2.2. The Implementation of Early Physics Teaching Units in the Swiss MINT Study

Within the Swiss MINT Study, elementary school teachers were trained in early physics curricula developed by a team of science education experts from the University of Münster (Lemmen et al. 2008; Möller and Jonen 2005; Möller et al. 2007, 2008). The inquiry-based curricula included four different basic physics topics: floating and sinking, air and atmospheric pressure, sound and spreading of sound, and stability of bridges. The curricula were tailored to develop students’ content-specific conceptual knowledge on these four topics (Möller and Jonen 2005). Every curriculum required students to engage in experiments to explore the physics concepts. Aside from this inquiry-based material, the curricula put a focus on instructional guidance and teacher-led classroom discussion. For each curriculum, teachers who participated in the Swiss MINT Study received half a day of training that introduced the learning material and the educational concepts. Each of the curricula encompassed 15 classroom lessons (see Nussbaumer et al. 2017; Schalk et al. 2019).
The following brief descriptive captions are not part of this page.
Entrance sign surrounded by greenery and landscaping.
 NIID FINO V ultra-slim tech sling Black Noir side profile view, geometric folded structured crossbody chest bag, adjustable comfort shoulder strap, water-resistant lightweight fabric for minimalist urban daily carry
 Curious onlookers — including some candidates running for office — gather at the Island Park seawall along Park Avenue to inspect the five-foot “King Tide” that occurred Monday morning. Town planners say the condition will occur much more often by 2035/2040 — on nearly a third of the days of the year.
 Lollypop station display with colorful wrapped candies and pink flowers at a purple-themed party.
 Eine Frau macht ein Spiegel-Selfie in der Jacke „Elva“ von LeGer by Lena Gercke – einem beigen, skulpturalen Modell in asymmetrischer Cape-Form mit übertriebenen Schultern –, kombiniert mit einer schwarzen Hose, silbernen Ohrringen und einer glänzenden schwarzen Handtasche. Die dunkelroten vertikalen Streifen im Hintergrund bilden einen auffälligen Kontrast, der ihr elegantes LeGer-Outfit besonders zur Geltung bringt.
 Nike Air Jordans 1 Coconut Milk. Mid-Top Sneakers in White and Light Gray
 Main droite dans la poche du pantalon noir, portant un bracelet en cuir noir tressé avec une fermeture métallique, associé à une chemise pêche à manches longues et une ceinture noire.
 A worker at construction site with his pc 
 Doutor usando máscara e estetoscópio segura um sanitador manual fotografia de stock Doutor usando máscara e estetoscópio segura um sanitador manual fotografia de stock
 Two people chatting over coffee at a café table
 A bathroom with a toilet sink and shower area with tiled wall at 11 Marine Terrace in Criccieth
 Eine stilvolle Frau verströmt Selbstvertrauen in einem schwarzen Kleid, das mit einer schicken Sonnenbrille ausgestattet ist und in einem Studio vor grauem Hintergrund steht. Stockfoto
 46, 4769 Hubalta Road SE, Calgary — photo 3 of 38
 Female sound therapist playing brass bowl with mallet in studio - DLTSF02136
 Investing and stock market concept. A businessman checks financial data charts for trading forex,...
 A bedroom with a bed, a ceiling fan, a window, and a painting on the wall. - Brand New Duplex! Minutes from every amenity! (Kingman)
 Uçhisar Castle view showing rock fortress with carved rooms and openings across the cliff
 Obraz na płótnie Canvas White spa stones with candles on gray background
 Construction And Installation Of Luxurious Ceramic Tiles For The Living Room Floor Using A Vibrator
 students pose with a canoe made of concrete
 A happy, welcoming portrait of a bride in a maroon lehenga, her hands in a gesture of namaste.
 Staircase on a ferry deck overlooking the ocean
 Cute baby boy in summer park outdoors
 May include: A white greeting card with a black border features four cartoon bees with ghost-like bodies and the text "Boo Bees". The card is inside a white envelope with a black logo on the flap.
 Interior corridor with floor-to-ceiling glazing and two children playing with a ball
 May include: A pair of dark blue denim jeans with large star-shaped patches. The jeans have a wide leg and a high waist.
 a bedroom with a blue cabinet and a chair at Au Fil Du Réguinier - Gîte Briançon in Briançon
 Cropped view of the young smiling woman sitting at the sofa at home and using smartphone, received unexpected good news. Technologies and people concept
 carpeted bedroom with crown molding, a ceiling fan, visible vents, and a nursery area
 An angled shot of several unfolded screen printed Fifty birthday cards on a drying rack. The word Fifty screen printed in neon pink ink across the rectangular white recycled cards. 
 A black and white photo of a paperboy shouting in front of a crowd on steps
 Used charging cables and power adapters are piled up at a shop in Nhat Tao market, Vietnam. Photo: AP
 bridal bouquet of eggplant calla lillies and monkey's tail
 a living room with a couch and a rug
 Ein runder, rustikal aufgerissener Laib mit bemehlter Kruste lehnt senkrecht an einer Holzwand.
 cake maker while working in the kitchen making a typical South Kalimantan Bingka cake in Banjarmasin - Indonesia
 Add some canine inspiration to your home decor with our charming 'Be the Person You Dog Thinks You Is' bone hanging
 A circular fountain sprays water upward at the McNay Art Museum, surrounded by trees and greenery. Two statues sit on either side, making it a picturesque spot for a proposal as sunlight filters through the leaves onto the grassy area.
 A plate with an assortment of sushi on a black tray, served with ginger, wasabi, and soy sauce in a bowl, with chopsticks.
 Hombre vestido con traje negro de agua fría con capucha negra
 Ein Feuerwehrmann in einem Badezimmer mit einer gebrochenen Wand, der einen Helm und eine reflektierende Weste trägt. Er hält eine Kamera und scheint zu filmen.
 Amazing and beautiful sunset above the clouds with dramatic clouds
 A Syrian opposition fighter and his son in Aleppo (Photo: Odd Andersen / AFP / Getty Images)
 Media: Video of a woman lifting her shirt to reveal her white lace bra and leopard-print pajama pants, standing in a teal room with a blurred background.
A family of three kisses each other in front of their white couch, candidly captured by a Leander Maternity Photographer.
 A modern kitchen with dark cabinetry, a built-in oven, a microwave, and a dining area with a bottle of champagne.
The floating and sinking basic curriculum unit introduces the concepts of water displacement and object density to answer the question “Why does a large ship of iron float in water?” (Hardy et al. 2006, p. 310). To achieve this, the basic curriculum unit presents a sequence of topics that allows discovery learning by hands-on experience (Hardy et al. 2006). This sequence starts with experiments on material type and everyday objects, proceeding to the principle of water displacement and to a generalized concept of buoyant force (i.e., the Archimedean principle). The teacher supports the learners by guided inquiry, scaffolding, and reflective questions. Usually, the Archimedean principle is only taught in secondary school, when knowledge on mass, volume, density, and buoyant force is already present and the connection between physical quantities and scientific principles can be drawn. However, as Hardy et al. (2006) showed, the principle can be learned in elementary school, when learners have the chance to revise their misconceptions and integrate their knowledge on the different parts of the concept. Hardy et al. (2006) also presented a conceptual test that measures students’ misconceptions, everyday conceptions, and scientific conceptions. They suggested a combined sum score that reflects students’ misconceptions and scientific answers—Integrated Conceptual Understanding (ICU)—which we applied in the present study.

Within the floating and sinking basic curriculum unit, students encountered many examples of implicit proportional relations. For example, they immersed cubes of different materials but of the same size or cubes of the same material but with different sizes into water to compare how material and size influence floating ability. Through this inquiry-based approach, students obtained an idea of the concept of density. Therefore, in this basic curriculum unit, elementary school students gained experience in the domain-general concept of proportions in addition to the content knowledge of floating and sinking. This kind of learning is supposed to happen incidentally and denotes an excellent opportunity to test how such learning opportunities facilitate future learning on proportional concepts in general. None of the teaching units of the Swiss MINT Study included formal instruction about proportional relations.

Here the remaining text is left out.